Etan: Once we had characterized our picture of the successful SMB customer, our next step was to identify the pain points within the product offering that could be impeding advertisers from getting started or achieving outstanding results. These were anything that might be causing friction or problems for clients. For example, the early conversation of measuring return on investment for the user is dependent on specific tracking having been attributed by the customer. Without the ability to understand the value of the AdRoll service, this naturally led to churn and unhappiness.

Having identified these pain points, we then tried to map them against retention. Essentially, we plotted a 1:1 relationship between negative events and churn, and used this to direct our product roadmap as an immediate way to prioritize different pain points.

Q: How did you go about this?
Anil: We started by imagining what it would be like to land on the AdRoll dashboard as a first-time advertiser. In doing this, there were a number of things that came to our attention that could be potentially significant challenges for someone who has never set up an advertising campaign. There were certain things that could be made more intuitive, and a lot of opportunity to offer additional guidance and help small business owners set up for success.
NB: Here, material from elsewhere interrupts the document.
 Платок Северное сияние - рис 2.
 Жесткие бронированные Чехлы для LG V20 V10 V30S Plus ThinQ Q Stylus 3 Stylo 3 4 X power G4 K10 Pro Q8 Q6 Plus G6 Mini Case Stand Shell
We worked closely with our SMB team to learn about the most common problems they encounter. Our strategy was data plus conversation - collecting information both quantitatively, and through our own experience in trying to navigate the platform.
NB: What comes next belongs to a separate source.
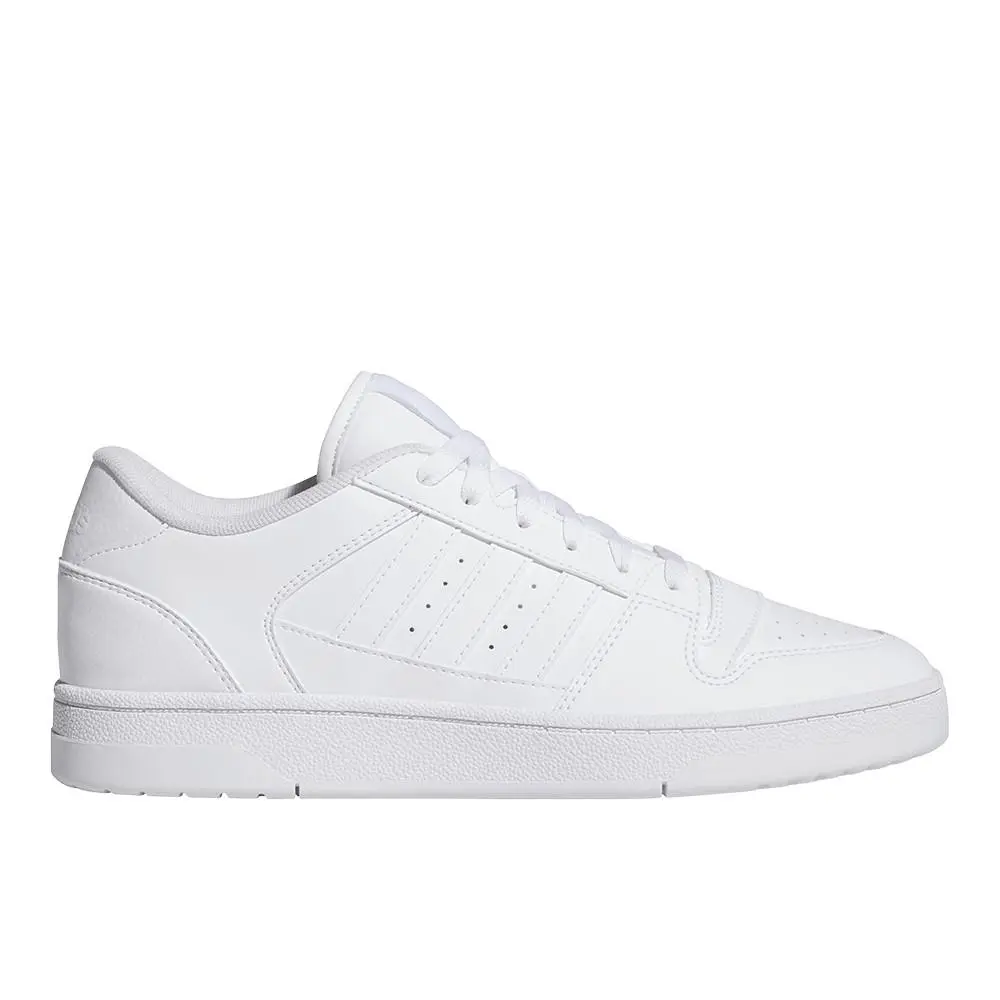 Adidas Break Start Lace Up Mens White Sneakers Casual Shoes JR3250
Q: In your opinion, what is growth trying to do?
Peter: We want to increase the threshold for which we give dedicated service. Our hope is to reach an ideal state of frictionless campaign setup flow - which is to allow people to utilize and setup the product themselves, to full potential.

Matt: People equate early-stage startups with their founding philosophies, and what the company is trying to build. Generally, as a company grows in size, it becomes harder to ingrain these philosophies into every new employee, and there’s a lot of day-to-day work that is done without these founding principles in mind.
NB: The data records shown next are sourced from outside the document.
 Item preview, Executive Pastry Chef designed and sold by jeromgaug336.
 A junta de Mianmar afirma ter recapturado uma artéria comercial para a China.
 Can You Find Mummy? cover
For us, we’re trying to ensure that everything we do is, in fact, aligned with this goal of what we want to build. Velocity is key - we want to address the challenges that advertisers are coming up against, now. The customer success signals we identified help keep us on track and recognize when we’ve gone awry; we use them to adjust and react.

Q: How does this fit back into meeting the needs of small businesses?
Peter: There are a lot of small improvements we can make that can drive significant results for SMB advertisers. For these businesses, a small improvement in campaign setup can mean huge business impact as far as % gains. For small businesses that are just getting started and trying to reach and retain new customers, companies like AdRoll can actually have a significant impact on that business’s success, if utilized correctly.

Q: What makes this team unique? What makes it work?
Peter: We’re operating from a different perspective than other teams in the organization. Rather than focusing on a single product, we’re focused on a single problem. So, we’re able to see the larger picture and push out more updates, more quickly, to solve for this problem. There’s also more latitude to adjust our strategy and what we’re working on, to make sure we’re in line with our vision.

What does success for this team look like 1 year from now?
One of the nice things about Growth is that it is so data driven. In fact, if you can’t track something then a Growth team should not really do it in the first place. So when we look at Growth 1 year from now, we’ll be comparing how users are signing up and activating and sticking around compared with today. One of the big metrics that we track each month is a simple one: how many people that signup go on to spend? In my opinion this metric alone speaks for the health of a Growth team. It conveniently thinks about all touch points of onboarding, which is really a key part of Growth.

Given how international the team is, I think 3 green cards would be appreciated too. Another easy metric to track.